As more awareness about climate change and its dire consequences for ecosystems and all living things is emerging, the carbon credit market is becoming increasingly popular in the media.
Thus, this option is outlined as one of the most innovative and disruptive measures in reducing CO2 emissions, one of the main Greenhouse Gases (GHG).
But what is a market bond?
Also known as carbon credits, they are proposed as an international mechanism to reduce carbon dioxide (CO2) emissions, thus reducing global warming, one of the most dangerous consequences of climate change.
By paying these bonds, the companies that acquire them have the right to generate emissions, considering these as a exchangeable type good.
Carbon credits allow you to acquire a Certificate of Reduced Emissions (CER). Thus, a CER would be equivalent in the carbon credit market to a ton of carbon dioxide that we save the planet.
The origin of the carbon credit market
Carbon credits emerged as one of the three mechanisms proposed in the Kyoto Protocol. The idea is to reward companies that pollute the least, and fine those that pollute more than allowed.
This was of special relevance to turn companies into actors of change against climate change; and especially in highly industrialized nations, which also have legislation that makes it mandatory for them to find and apply strategies to reduce GHG emissions — especially CO2.

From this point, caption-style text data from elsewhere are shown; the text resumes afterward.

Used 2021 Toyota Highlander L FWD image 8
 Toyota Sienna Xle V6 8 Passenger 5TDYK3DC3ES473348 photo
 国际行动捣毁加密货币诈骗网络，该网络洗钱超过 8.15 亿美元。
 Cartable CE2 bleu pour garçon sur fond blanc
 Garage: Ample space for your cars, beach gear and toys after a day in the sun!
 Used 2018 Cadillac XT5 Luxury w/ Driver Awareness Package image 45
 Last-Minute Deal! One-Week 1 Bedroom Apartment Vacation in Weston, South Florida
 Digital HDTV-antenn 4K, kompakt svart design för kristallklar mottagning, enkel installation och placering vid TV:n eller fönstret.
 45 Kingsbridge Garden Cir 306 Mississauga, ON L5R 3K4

The functioning of the bond market
Depending on the activity they carry out, companies have a maximum allowed amount of emissions. But this is not the only criterion: the size of the companies and the project in which they are involved are also particularly relevant.
The importance of projects, which must be green, responds to the obligation that the same carbon credit cannot be applied to more than one project.
When companies need to emit more than what is allowed, carbon credits — equivalent to tons, as we explained earlier — come into play, so that, having them in their possession, they can emit the equivalent amount of CO2.
Trading with carbon credits
However, if companies produce less excess emissions than they were allowed thanks to the acquisition of carbon credits, these can be traded in the carbon credit market.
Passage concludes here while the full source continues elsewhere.